My process for writing fiction is as follows: roll out of bed, smoke, guzzle coffee, smoke, put on a Vangelis record, open up the document, bang on the keys, smoke, smoke, guzzle more coffee, write a page I think is brilliant, then delete it upon further reflection, smoke, nap. I do all this from the comfort of a shabby blue leather couch with my feet propped on a repurposed coffee table. I don’t need to leave, save for research if necessary, because everything I’m creating exists in my mind, and my job then, is to appropriately transcribe this to the page all the while considering the mythical reader in my mind—a cross between the subway commuter reading my work on the way to the drone factory and the delegate sent from the canon to judge my level of worthiness. This person doesn’t exist, and never will, but as I sit here on the couch, I’m writing to them.
The first difference I discovered when writing for the stage began with the confirmation that my fiction instructor was still correct—the scene is paramount, and the words between prevent the audience from being propelled forward. The second, and more terrifying but essential difference, is that another step is needed for the stage. Now, the world in my mind must be transferrer to the page, then transferred to the vast expanse before a viewing audience. No longer am I writing for the mythical consumer/critic beast I’ve imagined, but now I have to write for the public. The world I’m used to laying out for the reader to fill in the gaps crumbles as I fumble with props and lighting and lines of sight.
What I tripped over was tangibility. I can’t just write in a lamp, or the glaring fluorescence, but now I must write the physicality into my scenes. I have to consider not only the fictional world, but how it will translate into reality. Will everyone in the audience, from the back corner, to the front row, get the same experience based on my stage directions. Can everyone see? Can they hear? In a short story, no characters need to face one another, or position themselves in such a way that the general public can watch their lips move, but on the stage, these amount to only a fraction of the necessary considerations.

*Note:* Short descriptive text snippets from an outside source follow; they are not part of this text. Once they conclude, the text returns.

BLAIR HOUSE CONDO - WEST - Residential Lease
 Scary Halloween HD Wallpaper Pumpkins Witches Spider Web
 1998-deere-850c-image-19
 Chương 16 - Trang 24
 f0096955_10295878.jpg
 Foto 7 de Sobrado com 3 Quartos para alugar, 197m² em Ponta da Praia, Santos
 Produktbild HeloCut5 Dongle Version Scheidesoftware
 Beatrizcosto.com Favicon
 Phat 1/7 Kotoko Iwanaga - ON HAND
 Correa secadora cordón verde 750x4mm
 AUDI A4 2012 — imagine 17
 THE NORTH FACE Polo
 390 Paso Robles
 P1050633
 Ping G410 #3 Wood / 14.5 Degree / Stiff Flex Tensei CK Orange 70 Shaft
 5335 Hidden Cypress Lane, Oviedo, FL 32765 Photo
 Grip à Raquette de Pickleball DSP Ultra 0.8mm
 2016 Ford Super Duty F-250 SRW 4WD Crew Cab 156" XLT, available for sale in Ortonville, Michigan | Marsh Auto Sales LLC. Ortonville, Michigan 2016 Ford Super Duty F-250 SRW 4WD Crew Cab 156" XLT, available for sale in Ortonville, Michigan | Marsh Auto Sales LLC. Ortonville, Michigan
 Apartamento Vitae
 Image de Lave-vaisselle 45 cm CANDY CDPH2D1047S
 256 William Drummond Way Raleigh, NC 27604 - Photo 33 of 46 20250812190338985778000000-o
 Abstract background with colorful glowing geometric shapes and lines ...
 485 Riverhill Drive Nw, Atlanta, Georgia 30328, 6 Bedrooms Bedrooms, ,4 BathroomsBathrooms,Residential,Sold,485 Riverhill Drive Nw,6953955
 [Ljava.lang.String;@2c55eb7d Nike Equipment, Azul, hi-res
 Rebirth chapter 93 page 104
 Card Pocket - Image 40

Where editing my fiction is for flow, for syntax, grammar, the hunt for the most beautiful sentence, it has grown to include not only all of that, but also the daunting task of editing to create a performance. And even further, an accessibility for every attendee.
In a way, writing for the stage, to me, removes some of the, for lack of a better word, laziness that I’ve grown accustomed. I can’t let my reader to the work. I’ve got to get up there, walk around the creaking stage, blow the dust off old props, move actors around like rooks and bishops, then return to the page to make adjustments. It is the ultimate recursive process, one that reflects, maybe, the very thematic elements of all creative endeavors—the arduous slog of trial and error, of success and failure—and in doing so, I might be able to create something that has the ability to transcend medium and speak to more than that invented reader I have been pandering to. But first, I’ve got to get up off the couch, hop onto the stage, and put in the work.
Frank, my instructor, had the right idea: break everything down into scenes and see where your story takes you, but I’m learning now that within those little blue boxes, amidst the bloodshed of hacked away prose, the real action isn’t simply text, but must encompass every single seemingly insignificant detail that creates a new reality.